Laurie Penny on advertising: First, the admen stole feminism – then they used it to flog cheap chocolate and perfume to us

Advertising is one of the areas where profound cultural battles are played out in public

By Laurie Penny

In the late 1920s, not many women smoked. To do so in public was seen as unladylike, a signal of promiscuity and general naughtiness. So the American Tobacco Company hired Edward Bernays, the man now known as “the father of public relations”, to find a way of selling cigarettes to women. The first feminist wave was still in full, frilly-hatted swing and Bernays realised that women’s desire for independence could be manipulated for profit.

Bernays let it be known that during the Easter Sunday Parade of 1929, a group of suffragettes would be lighting “torches of freedom”, and arranged for photographers to be on standby. On cue, in the middle of the parade, a gang of hired models produced packets of cigarettes and sparked up. The images were distributed around the world.

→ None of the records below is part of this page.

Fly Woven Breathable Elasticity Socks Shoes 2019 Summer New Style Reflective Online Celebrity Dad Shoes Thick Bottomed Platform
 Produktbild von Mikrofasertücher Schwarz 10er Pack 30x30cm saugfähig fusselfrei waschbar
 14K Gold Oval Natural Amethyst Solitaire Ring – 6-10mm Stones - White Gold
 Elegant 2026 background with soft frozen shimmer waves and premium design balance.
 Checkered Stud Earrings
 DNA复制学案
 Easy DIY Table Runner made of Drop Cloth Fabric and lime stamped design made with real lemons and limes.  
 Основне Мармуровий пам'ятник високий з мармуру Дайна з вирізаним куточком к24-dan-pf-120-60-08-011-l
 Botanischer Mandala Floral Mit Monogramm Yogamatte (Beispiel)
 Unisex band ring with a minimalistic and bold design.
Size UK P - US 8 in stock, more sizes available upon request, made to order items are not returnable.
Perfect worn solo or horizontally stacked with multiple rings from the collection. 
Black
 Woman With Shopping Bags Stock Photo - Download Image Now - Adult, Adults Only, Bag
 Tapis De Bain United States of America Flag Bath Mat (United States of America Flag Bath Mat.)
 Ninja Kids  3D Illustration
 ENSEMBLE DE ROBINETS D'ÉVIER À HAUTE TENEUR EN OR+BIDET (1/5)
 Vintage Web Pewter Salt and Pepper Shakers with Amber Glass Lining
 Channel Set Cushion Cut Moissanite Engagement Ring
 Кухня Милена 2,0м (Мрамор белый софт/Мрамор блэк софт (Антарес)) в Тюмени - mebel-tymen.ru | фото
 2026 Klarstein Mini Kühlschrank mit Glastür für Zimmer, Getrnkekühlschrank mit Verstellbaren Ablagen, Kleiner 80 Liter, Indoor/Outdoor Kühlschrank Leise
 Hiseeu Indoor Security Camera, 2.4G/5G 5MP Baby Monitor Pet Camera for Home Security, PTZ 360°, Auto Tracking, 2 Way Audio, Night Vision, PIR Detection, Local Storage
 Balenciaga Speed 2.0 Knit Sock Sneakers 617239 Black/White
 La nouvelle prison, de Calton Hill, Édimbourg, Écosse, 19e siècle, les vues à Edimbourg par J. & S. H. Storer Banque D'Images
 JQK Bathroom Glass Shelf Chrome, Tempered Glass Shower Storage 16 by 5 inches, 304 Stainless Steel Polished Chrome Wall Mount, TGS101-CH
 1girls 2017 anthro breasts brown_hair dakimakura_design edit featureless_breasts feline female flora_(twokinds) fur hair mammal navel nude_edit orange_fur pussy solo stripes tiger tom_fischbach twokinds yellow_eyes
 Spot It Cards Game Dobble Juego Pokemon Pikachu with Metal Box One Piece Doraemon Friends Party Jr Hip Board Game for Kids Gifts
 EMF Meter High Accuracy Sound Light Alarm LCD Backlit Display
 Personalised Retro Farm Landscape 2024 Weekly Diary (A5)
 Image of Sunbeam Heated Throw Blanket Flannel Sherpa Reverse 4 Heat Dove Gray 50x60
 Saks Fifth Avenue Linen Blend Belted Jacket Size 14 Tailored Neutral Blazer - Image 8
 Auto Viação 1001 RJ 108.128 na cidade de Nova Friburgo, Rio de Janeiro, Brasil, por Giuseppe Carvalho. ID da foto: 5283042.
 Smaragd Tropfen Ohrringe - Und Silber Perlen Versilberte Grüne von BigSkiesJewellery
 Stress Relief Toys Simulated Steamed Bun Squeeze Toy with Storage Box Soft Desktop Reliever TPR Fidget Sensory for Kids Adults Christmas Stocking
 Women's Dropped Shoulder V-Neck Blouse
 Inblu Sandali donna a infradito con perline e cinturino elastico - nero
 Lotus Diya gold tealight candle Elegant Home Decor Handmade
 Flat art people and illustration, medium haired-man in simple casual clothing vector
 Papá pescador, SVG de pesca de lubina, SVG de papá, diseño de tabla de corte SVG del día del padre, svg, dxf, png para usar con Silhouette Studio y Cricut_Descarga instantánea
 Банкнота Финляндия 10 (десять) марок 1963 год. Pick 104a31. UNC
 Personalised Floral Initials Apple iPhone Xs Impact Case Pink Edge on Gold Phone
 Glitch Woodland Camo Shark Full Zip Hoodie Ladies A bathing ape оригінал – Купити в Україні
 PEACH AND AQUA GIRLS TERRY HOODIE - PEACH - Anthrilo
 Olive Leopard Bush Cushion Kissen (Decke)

It worked like a dream. In 1923 women purchased only 5 per cent of all cigarettes sold but by 1935 that had increased to 18 per cent. Almost instantly, cigarettes became associated with empowerment. It was perhaps the first time feminism was appropriated to sell us things we don’t need; it wouldn’t be the last. I’m writing this with an e-cigarette in my hand, by the way. It isn’t very empowering.

Capitalism has a way of cannibalising its own dissent. The endless weary suggestions that we need to “rebrand” feminism miss how women’s liberation – particularly when gently pried away from its more radical, anti-family, anti-racist, anti-capitalist tendencies – has long been used to sell everything from cheap perfume to vibrators. From Revlon’s Charlie adverts, marketing drugstore scent to the “new women” of the 1970s, to the more recent Dove “Campaign for Real Beauty” (which shows how we can make ourselves feel better about the psychosocial terrorism of the beauty ideal by rubbing in a bit of body lotion), every groundswell of idealism has salesmen scampering in its wake.

Recently an advert produced by Snickers in Australia featured construction workers shouting feminist statements. “You want to hear a filthy word?” they yell from their scaffolding. “Gender bias!”

The advert’s punchline – “You’re not yourself when you’re hungry” – manages to be offensive on a number of levels, not least by implying that manual labourers in their natural state are rude, aggressive boors. As was quickly observed, if this is how men behave when they haven’t eaten cheap chocolate there’s a good argument for never feeding them again.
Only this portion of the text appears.